A Trio of National Treasures Lets Us See How the Other Half Lived
by ELLEN HIGGINS
The Sargent House was built for Judith Sargent Stevens, one of this country’s first feminist writers, and her first husband, John Stevens. It is the only remaining high-style Georgian house left intact in Gloucester, and is one of the best examples of the houses some of Gloucester’s early merchant class lived in.
“The fabric of the house is almost entirely original,” says local resident and author Regina Cole, “and the furnishings include important antiques and art. It is a stunning example of Georgian architecture at its best.” The furnishings were given to the museum when it was started in 1917, a great portion of them given by descendants of the Sargents.
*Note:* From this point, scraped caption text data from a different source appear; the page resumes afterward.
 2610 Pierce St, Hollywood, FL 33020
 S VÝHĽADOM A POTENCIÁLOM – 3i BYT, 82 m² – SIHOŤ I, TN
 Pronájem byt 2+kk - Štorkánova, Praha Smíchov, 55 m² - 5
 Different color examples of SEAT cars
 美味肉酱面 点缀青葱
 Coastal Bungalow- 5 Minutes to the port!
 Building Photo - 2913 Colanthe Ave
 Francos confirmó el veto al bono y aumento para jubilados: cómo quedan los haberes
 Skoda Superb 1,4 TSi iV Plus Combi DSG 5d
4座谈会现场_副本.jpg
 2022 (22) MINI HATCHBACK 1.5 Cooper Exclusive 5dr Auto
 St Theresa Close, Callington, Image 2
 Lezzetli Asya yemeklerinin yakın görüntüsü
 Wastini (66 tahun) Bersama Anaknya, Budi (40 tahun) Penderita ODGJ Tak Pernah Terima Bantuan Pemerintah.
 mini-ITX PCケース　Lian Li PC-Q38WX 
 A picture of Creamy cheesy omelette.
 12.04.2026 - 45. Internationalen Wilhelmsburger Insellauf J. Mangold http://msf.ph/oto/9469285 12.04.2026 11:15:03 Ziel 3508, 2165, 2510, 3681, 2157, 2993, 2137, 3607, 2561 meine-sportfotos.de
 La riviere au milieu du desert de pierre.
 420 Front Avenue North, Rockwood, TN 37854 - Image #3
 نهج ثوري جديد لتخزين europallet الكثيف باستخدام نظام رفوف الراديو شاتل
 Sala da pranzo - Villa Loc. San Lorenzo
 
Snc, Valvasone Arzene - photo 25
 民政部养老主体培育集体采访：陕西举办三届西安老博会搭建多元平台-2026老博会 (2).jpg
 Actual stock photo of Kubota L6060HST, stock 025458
One particularly important descendant was the painter John Singer Sargent (1856-1925), Judith’s great great-nephew. He could trace his roots back to Colonial Gloucester. He donated the wallpaper in the dining room and several of his paintings and drawings, including the only known portraits he did of his parents.
Gloucester had many such magnificent houses in the 18th and early 19th centuries, but they have all disappeared through neglect, renovation or demolition. “The Sargent House is a mirror of Gloucester history,” says Cole, “Anything that happened in Fishtown is reflected here.”
Another Mansion and a Castle Too to View
Both built in the early 1900s, Beauport and the Hammond Castle are two more extraordinary examples of former homes turned into museums. Beauport, also known as the SleeperMcCann House, is one of Eastern Point’s palatial estates. Henry Davis Sleeper, its eccentric first owner, decorated each of the grand dame’s 40 rooms in a different theme. Originally, he set out to design a cottage retreat, but his passion for collecting caused him to expand the property over a 27-year period. Boston luminaries including Isabella Stewart Gardner and writer Henry James were frequent party guests. Woolworth heiress Helena McCann bought the property in 1935. Seven years later, she donated it to Historic New England, which gives tours and holds special events including “tea by the sea.”
Hammond Castle can be viewed from Beauport as you look across Gloucester Harbor to Magnolia. The genius inventor John Hays Hammond Jr. built the medieval-style castle as a laboratory and home in the late 1920s.
The castle housed his collection of Roman, Renaissance, and medieval art and artifacts, including suits of armor. He added a drawbridge, a lookout tower and an eight-story pipe organ. He ran Hammond Radio Research from his home lab. The prolific inventor produced more than 400 inventions and held some 800 patents giving Thomas Edison a run for his money. Museum Trust manages it today providing tours and offering the castle as a venue for special events including weddings.
The Sargent House Museum:
49 Middle St., www.sargenthouse.org or 978.281.2432
Beauport: 75 Eastern Point Blvd., www.historicnewengland.org or 978.283.0800
Hammond Castle: 80 Hesperus Ave., www.hammondcastle.org or 978.283.2080
Garden Tour Benefits Sargent House
On Saturday, June 21, private gardens located across Cape Ann will be open to the public for a special one-day only viewing, from 10 a.m. to 4 p.m. Now in its ninth year, The Cape Ann Garden Tour is sponsored by The Sargent House Museum with all proceeds from the event being used to benefit the museum and its programs.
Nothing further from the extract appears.